The motion to remand challenges the jurisdiction of the court by reason of failure of defendant to comply with the provisions of paragraph (b) Section 1446 Title 28 U.S.C.A. Said section prescribes the procedure for removal from a state to a national court. The paragraph under observation is as follows:
"(b) The petition for removal of a civil action or proceeding shall be filed within twenty days after the receipt by the defendant, through service or otherwise, of a copy of the initial pleading setting forth the claim for relief upon which such action or proceeding is based, * * *."
The petition for removal contains the following express recital:
"3. On July 15, 1953, defendant was served with a summons and a copy of petition in the aforesaid action through the Secretary of State."
The petition for removal was not filed until August 13, 1953. This was 29 days after the defendant was served with process. While the defendant does not question the service, but specifically acknowledges that the defendant was duly served on July 15, 1953, yet, it is interesting to note the statute in view of the very able opinion in Welker v. Hefner, D.C., 97 F. Supp. 630. This opinion undertook to construe the removal statute in connection with the state statute relative to actions against nonresident motorists and the service of process upon them.

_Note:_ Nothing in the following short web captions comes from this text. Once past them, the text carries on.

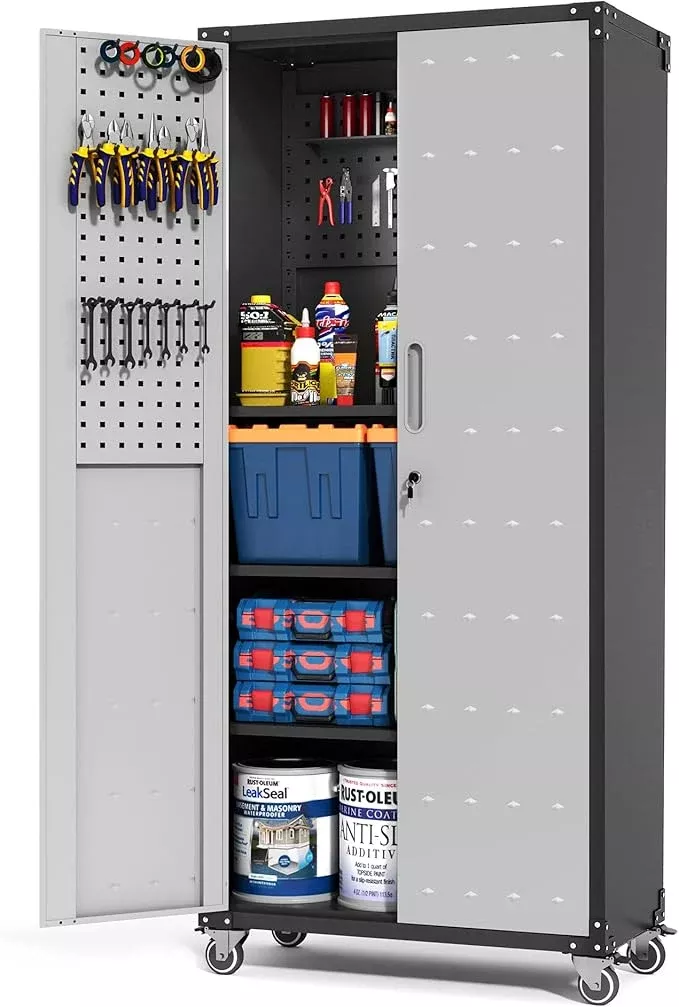 Garage Metal Storage Cabinet with Pegboard, 71'' Tall Storage Cabinet with Adjustable Shelves and Doors, Rolling Tool Cabinet on Wheels for Garage, Utility Room (Black & Grey)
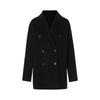 LANCY Women's Wool Blend Double-faced Lapel Coat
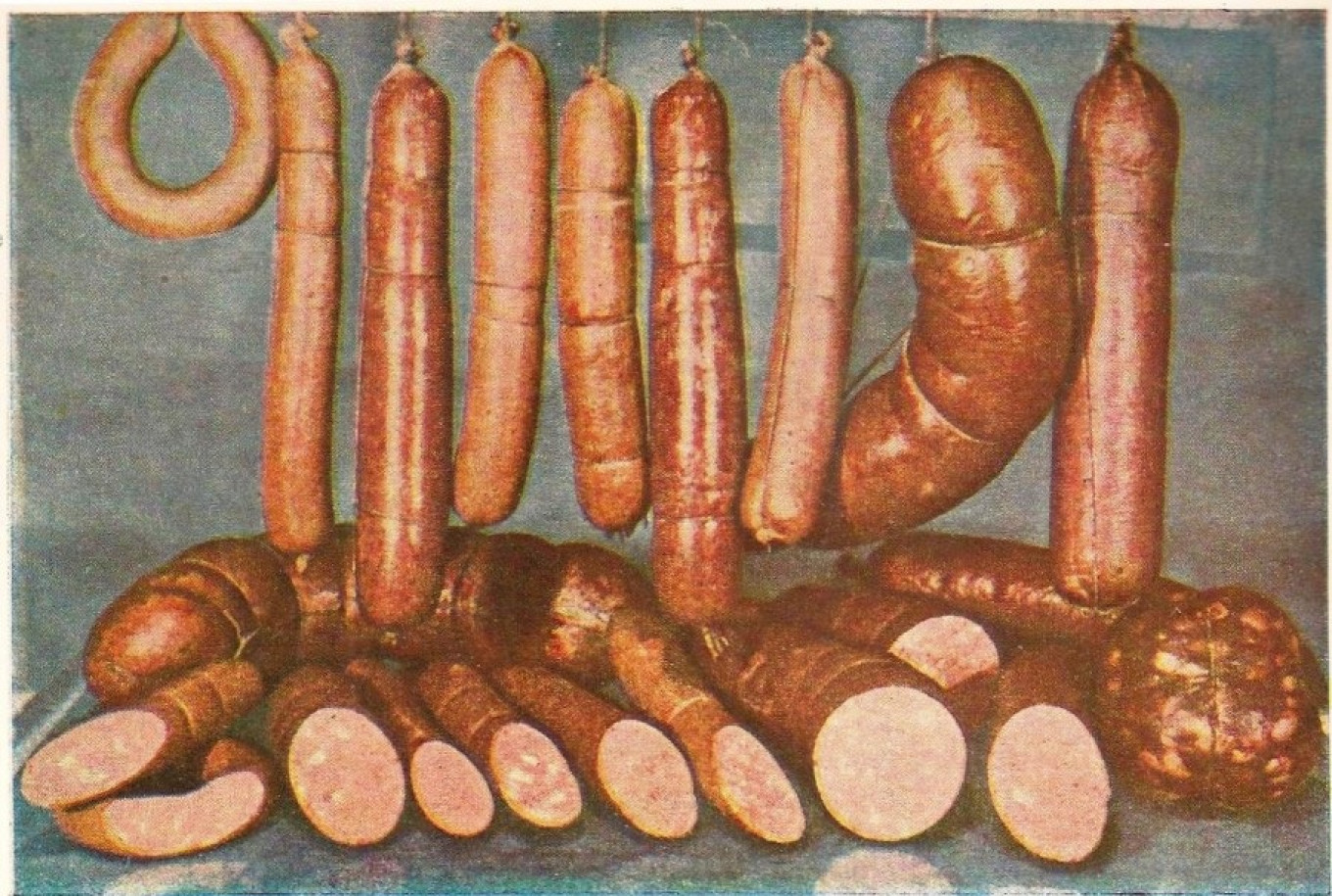 
					Illustration from the Soviet book "Technology of Sausage Production" (1952).					 					Wikimedia Commons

Section 506.210, RSMo 1949, V.A.M.S., specifically provides that the operation of an automobile on the highways of Missouri by a nonresident,
"* * * shall be deemed
"(1) An agreement by him that he will be subject to the jurisdiction of the courts of this state over all civil actions and proceedings against him by either a resident or nonresident plaintiff, for damages to person or property, including actions for death, growing or arising out of such use and operation; and
"(2) An appointment by such nonresident of the secretary of state *14 of Missouri as his lawful attorney and agent upon whom may be served all process in suits pertaining to such actions and proceedings;
"(3) An agreement by such nonresident that any process in any suit so served shall be of the same legal force and validity as if personally served on him in this state." (Emphasis mine.)
Section 506.240, RSMo 1949, V.A.M.S., provides that service of process as prescribed in the foregoing,
"* * * shall be made by delivering a copy of the summons, with a copy of the petition attached, together with a remittance of one dollar, to the secretary of state of Missouri at his office, or in his absence, to the chief clerk of the secretary of state, at his office, and such service shall be sufficient service upon such nonresident." (Emphasis mine.)
Quite clearly, under the Missouri law (and the national courts are bound by it) service of process is sufficient when accomplished in the manner prescribed by statute and as conceded by the removing defendant.
In the light of the above, the petition to remand should be sustained.